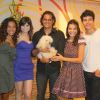 Ricky Tavares ao lado de Gabriela Moreyra, Julianne Trevisol, André Di Mauro e Giovanna Echeverria na novela 'Vidas em Jogo'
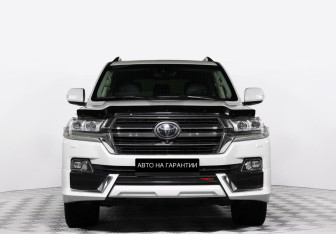 Подержанный автомобиль Toyota Land Cruiser Suv 2019 года (2 фото)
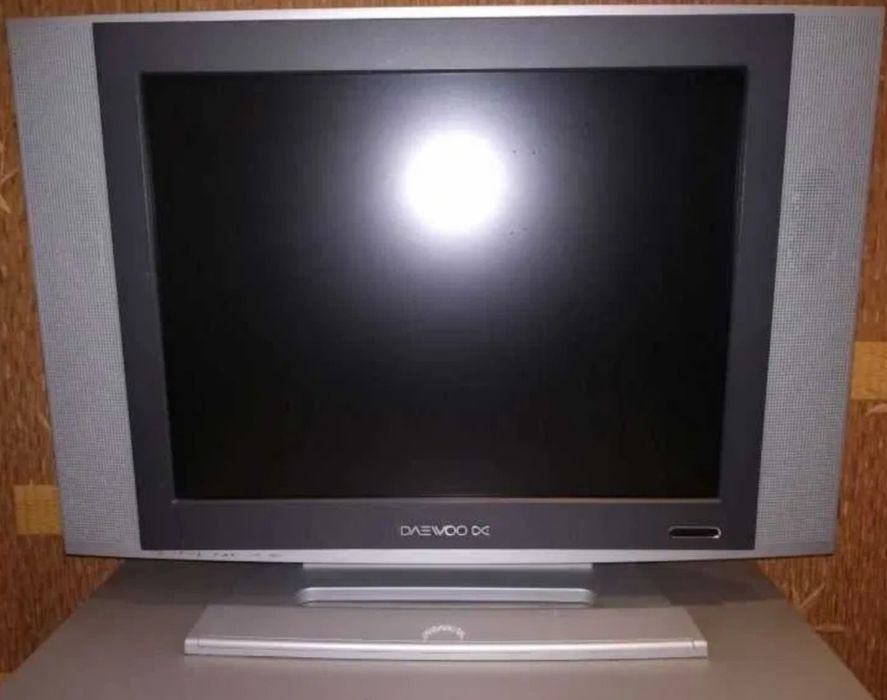 Продам телевизор DAEWOO DLP -20D3N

---*---

> [Task to complete]: The data above, line by line: transcribe it exactly and drop the pictures.

> [Answer space]:
 Ricky Tavares ao lado de Gabriela Moreyra, Julianne Trevisol, André Di Mauro e Giovanna Echeverria na novela 'Vidas em Jogo'
 Подержанный автомобиль Toyota Land Cruiser Suv 2019 года (2 фото)
 Продам телевизор DAEWOO DLP -20D3N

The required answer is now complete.